• [Goal of the exercise] The result should be an exact copy of the entries below, free of pictures.

= Beginning of Section =

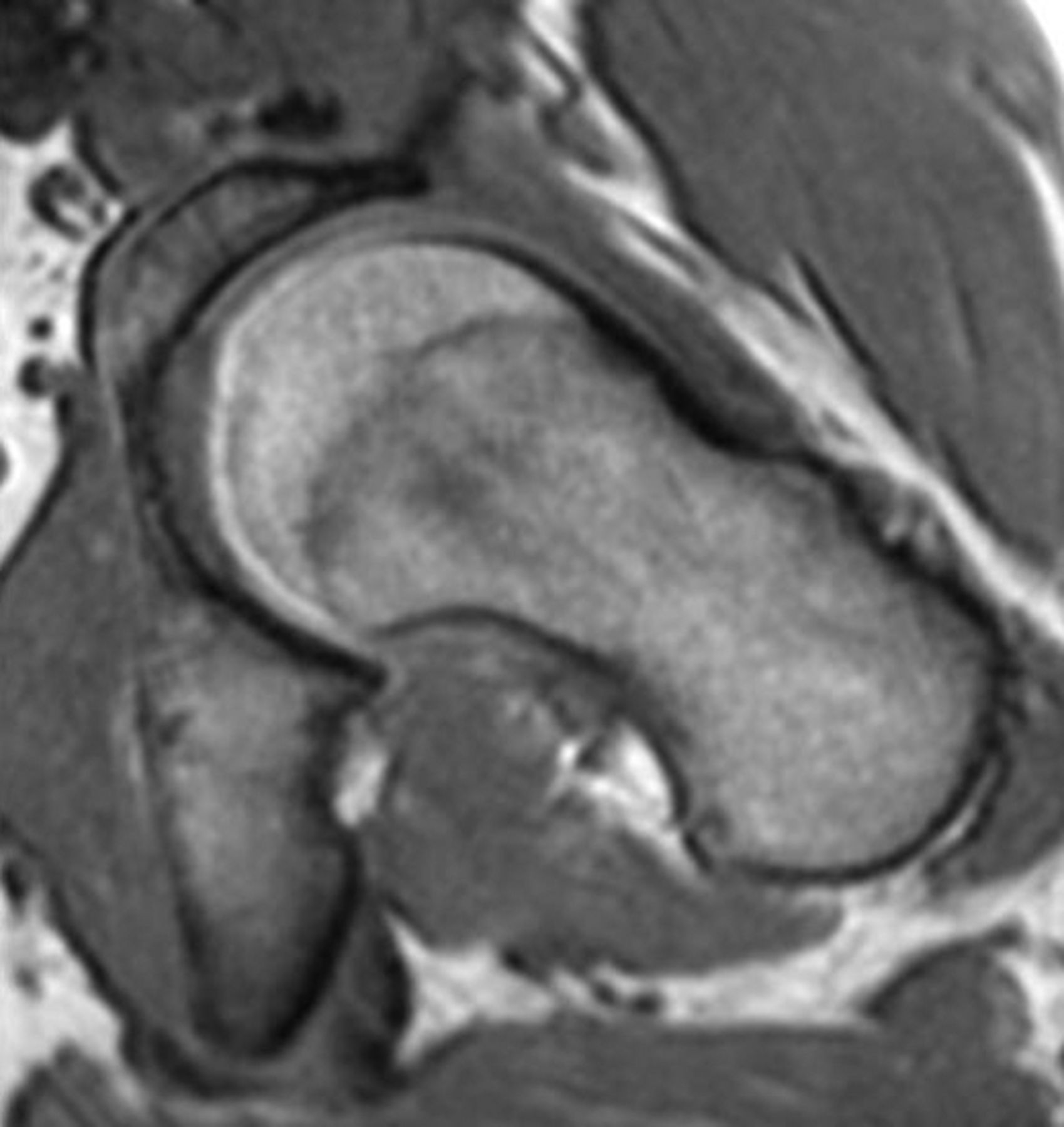 Figs. 1a - 1c 
           a) A 3D surface rendered
image of a proximal femur, with the 3:00 (anterior) and 1:30 (anterosuperior)
planes superimposed. MRI images representative of b) the 3:00 and
c) 1:30 imaging planes.
        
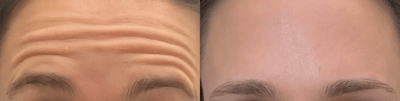 neuromodulators before and after photo by bcrn aesthetics in houston tx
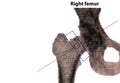 Close-up photo of the right femoral DEXA-osteodensimetry test, which measures bone density using X-rays, the imaging method used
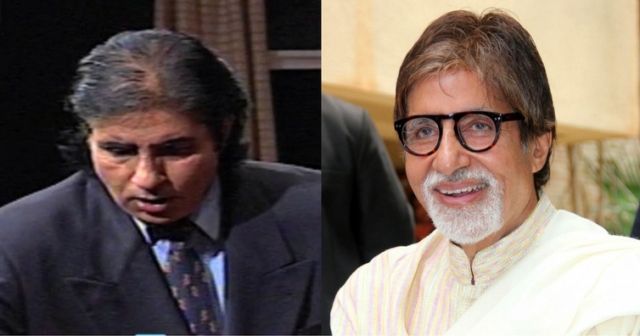 Greffe de cheveux Amitabh Bachchan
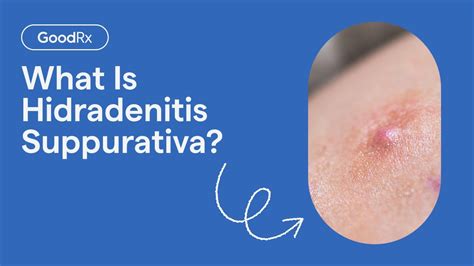 Hidradenitis Suppurativa Complications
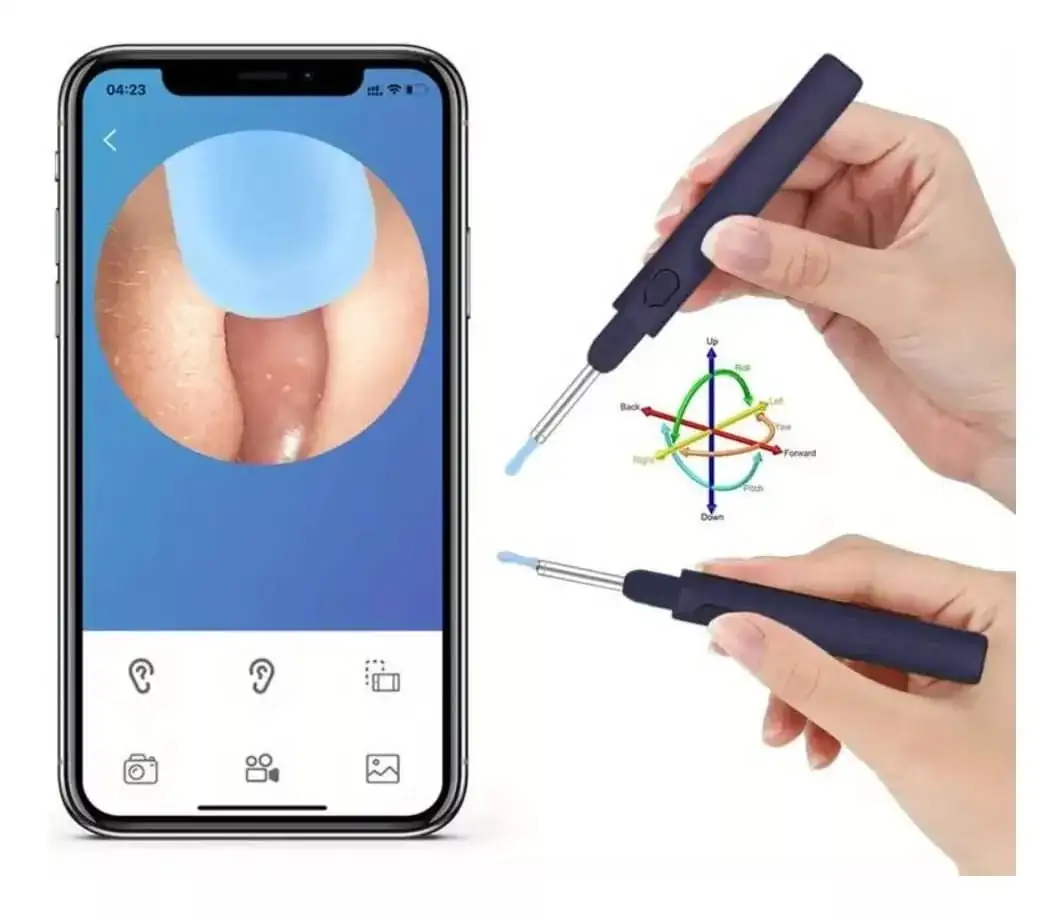 Limpiador smart de oído con cámara  2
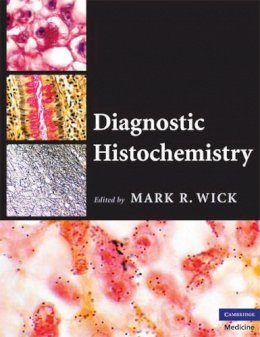 Mark R. Wick (Ed.) - Diagnostic Histochemistry - 9780521874106 - V9780521874106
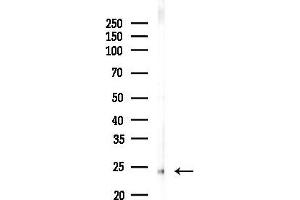 anti-Transmembrane Protein 187 (TMEM187) antibody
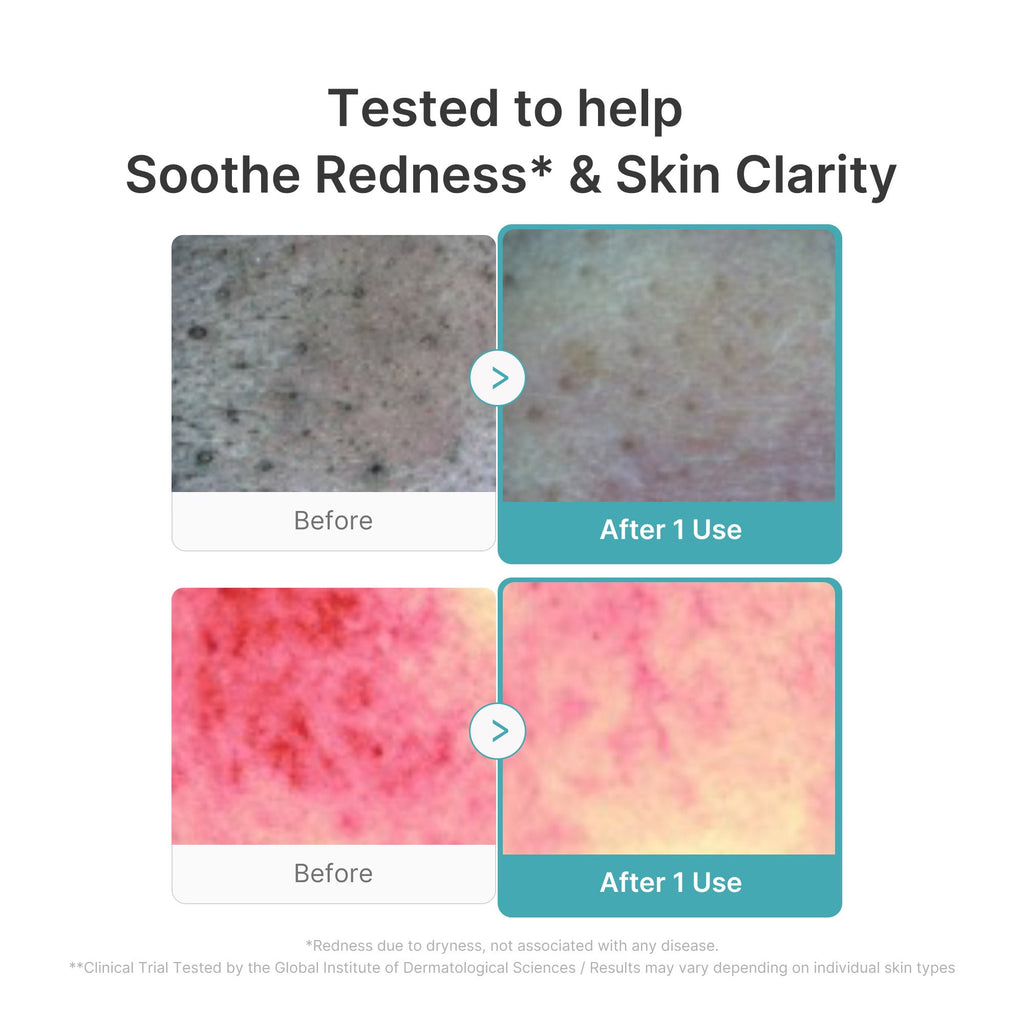 Azelaic Acid Capsule Foam Cleanser - This evening is yours.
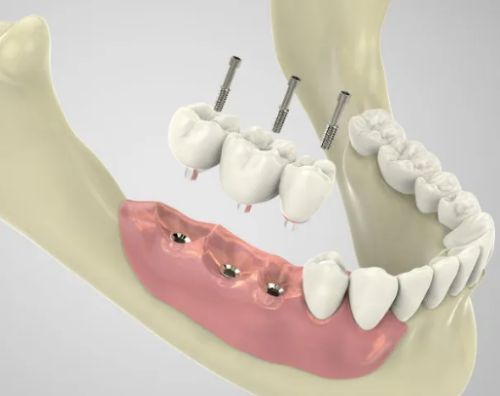 http://www.chicagonutritionsolutions.com/d/file/price/71w6kic68z9s.jpg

= End of Section =

• [Result]
 Figs. 1a - 1c 
           a) A 3D surface rendered
image of a proximal femur, with the 3:00 (anterior) and 1:30 (anterosuperior)
planes superimposed. MRI images representative of b) the 3:00 and
c) 1:30 imaging planes.
        
 neuromodulators before and after photo by bcrn aesthetics in houston tx
 Close-up photo of the right femoral DEXA-osteodensimetry test, which measures bone density using X-rays, the imaging method used
 Greffe de cheveux Amitabh Bachchan
 Hidradenitis Suppurativa Complications
 Limpiador smart de oído con cámara  2
 Mark R. Wick (Ed.) - Diagnostic Histochemistry - 9780521874106 - V9780521874106
 anti-Transmembrane Protein 187 (TMEM187) antibody
 Azelaic Acid Capsule Foam Cleanser - This evening is yours.
 http://www.chicagonutritionsolutions.com/d/file/price/71w6kic68z9s.jpg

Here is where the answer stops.